== Material supplied ==
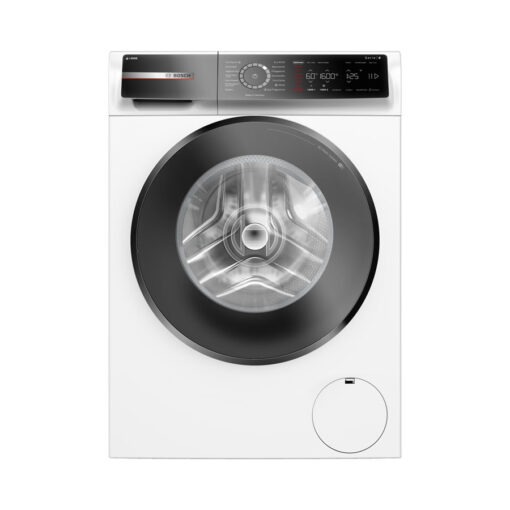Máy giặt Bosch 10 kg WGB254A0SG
--
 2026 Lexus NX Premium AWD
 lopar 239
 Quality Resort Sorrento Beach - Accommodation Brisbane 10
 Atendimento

== Aim of the task ==
Here the job is to set down exactly the lines of the material above that fall between the one with "Quality Resort Sorrento" and the one with "Atendimento", inclusive, and nothing beyond them.

== Exercise result ==
 Quality Resort Sorrento Beach - Accommodation Brisbane 10
 Atendimento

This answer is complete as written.